Record excerpts Block Start
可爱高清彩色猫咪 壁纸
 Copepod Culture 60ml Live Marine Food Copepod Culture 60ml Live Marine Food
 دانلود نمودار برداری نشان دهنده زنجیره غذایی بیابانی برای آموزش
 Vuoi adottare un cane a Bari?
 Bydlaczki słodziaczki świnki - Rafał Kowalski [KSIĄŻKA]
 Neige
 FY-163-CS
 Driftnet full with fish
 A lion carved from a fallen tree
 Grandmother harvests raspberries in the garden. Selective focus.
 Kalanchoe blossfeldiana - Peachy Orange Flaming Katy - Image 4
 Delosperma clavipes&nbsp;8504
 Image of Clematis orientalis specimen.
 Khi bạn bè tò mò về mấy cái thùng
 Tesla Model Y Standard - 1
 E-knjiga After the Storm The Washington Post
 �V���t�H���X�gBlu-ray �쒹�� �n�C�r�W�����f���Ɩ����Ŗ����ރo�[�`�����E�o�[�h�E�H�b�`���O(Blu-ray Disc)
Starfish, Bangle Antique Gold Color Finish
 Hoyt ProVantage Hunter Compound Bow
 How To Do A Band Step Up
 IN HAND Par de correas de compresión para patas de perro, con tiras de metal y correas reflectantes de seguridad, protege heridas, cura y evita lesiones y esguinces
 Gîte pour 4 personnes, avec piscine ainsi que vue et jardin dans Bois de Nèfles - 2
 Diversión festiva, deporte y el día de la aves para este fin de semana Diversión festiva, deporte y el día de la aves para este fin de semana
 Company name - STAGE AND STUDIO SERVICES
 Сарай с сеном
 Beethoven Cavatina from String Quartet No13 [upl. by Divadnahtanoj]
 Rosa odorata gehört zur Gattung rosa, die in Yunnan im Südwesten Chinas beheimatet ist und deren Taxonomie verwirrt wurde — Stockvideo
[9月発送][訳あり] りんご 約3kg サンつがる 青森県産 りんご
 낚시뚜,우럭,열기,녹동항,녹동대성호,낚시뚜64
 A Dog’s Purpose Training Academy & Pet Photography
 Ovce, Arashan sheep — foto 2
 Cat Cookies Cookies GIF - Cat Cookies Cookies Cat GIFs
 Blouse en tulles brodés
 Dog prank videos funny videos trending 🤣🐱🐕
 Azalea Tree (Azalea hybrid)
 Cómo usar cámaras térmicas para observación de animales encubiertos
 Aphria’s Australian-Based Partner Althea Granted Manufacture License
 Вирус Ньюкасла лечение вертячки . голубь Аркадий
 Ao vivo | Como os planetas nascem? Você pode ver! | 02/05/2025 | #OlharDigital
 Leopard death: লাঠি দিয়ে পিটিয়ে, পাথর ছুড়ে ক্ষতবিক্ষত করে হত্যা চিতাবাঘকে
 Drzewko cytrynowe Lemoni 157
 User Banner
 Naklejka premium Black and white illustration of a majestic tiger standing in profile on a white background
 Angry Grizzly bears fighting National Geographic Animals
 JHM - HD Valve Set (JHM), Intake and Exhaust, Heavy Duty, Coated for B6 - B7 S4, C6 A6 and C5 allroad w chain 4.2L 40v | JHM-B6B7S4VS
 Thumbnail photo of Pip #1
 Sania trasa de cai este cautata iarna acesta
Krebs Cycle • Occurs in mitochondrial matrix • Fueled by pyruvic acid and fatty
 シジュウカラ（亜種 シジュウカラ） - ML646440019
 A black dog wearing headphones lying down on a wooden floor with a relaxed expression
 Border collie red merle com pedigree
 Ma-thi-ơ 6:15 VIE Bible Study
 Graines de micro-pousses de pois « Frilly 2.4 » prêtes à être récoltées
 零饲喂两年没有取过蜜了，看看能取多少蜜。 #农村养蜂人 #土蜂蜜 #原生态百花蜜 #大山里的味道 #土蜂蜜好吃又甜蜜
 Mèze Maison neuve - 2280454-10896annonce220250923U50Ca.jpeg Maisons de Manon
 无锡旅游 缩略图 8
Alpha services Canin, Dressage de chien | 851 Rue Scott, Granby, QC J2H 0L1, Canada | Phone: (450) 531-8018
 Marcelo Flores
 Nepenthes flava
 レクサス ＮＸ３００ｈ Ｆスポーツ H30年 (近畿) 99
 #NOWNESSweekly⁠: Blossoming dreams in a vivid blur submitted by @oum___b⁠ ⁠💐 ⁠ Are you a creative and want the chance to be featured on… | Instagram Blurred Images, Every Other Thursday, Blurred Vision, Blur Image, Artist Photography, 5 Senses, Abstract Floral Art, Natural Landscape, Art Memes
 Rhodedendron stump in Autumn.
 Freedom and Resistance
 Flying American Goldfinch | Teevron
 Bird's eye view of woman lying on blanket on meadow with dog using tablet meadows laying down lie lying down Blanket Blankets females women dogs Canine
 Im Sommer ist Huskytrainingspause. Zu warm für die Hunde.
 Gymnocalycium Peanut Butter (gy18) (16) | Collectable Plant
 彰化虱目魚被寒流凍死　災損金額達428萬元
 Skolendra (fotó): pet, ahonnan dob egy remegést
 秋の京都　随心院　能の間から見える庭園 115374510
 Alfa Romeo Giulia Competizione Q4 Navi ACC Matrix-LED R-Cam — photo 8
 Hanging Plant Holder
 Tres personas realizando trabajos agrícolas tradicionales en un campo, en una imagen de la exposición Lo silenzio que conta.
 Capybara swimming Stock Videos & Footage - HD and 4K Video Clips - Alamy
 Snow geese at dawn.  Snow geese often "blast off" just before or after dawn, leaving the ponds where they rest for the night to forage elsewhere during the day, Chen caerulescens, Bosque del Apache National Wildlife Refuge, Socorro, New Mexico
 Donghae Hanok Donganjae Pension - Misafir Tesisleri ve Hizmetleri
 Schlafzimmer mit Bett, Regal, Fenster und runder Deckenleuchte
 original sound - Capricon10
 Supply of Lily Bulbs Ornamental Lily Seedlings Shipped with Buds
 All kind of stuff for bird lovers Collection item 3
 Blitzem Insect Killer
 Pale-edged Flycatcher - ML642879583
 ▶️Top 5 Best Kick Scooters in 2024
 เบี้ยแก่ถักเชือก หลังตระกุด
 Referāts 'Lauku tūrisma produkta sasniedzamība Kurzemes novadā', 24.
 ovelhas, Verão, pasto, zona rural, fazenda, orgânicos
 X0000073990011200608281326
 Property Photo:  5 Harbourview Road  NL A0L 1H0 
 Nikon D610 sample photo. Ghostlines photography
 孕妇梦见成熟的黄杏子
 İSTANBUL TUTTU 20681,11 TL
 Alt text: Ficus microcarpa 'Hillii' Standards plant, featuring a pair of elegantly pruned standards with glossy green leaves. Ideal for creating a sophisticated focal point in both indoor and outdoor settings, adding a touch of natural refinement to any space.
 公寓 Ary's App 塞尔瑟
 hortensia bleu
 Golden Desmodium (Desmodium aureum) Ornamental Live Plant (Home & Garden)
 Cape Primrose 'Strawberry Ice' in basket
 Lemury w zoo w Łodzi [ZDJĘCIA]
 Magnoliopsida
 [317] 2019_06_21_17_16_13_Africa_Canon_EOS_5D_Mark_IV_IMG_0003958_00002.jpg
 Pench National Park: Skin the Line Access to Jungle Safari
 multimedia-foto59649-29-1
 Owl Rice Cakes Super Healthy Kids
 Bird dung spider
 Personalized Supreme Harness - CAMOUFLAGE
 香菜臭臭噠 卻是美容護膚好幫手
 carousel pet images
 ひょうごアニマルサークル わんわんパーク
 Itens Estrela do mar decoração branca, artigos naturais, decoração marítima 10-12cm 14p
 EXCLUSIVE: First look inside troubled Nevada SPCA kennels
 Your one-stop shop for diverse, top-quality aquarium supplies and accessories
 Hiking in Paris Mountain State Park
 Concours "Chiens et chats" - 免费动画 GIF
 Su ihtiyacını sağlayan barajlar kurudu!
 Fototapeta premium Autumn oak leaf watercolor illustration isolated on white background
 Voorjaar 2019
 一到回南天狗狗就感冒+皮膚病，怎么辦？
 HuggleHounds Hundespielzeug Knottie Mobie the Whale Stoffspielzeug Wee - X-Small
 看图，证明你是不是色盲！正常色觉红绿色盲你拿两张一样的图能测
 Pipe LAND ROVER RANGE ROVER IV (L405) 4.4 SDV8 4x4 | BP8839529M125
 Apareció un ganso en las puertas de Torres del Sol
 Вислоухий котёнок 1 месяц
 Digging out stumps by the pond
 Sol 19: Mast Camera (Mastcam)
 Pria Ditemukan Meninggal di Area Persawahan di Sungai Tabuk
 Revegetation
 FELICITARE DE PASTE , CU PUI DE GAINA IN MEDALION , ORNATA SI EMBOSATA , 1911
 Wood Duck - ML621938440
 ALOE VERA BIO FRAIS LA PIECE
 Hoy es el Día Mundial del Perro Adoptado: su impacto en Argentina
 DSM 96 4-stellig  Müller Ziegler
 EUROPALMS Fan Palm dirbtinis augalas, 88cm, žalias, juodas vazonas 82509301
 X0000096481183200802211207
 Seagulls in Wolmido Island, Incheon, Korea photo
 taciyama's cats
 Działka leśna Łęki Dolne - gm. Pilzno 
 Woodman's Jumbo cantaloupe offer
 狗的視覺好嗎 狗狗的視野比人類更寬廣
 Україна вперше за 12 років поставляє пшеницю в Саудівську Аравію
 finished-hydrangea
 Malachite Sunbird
Record excerpts Block End
Activity: Could you retype exactly the lines above, starting at the line that contains "Mèze Maison neuve" and ending at the line that contains "レクサス ＮＸ３００ｈ Ｆスポーツ H30年 (近畿) 99", and nothing more?

Solution to the problem:
 Mèze Maison neuve - 2280454-10896annonce220250923U50Ca.jpeg Maisons de Manon
 无锡旅游 缩略图 8
Alpha services Canin, Dressage de chien | 851 Rue Scott, Granby, QC J2H 0L1, Canada | Phone: (450) 531-8018
 Marcelo Flores
 Nepenthes flava
 レクサス ＮＸ３００ｈ Ｆスポーツ H30年 (近畿) 99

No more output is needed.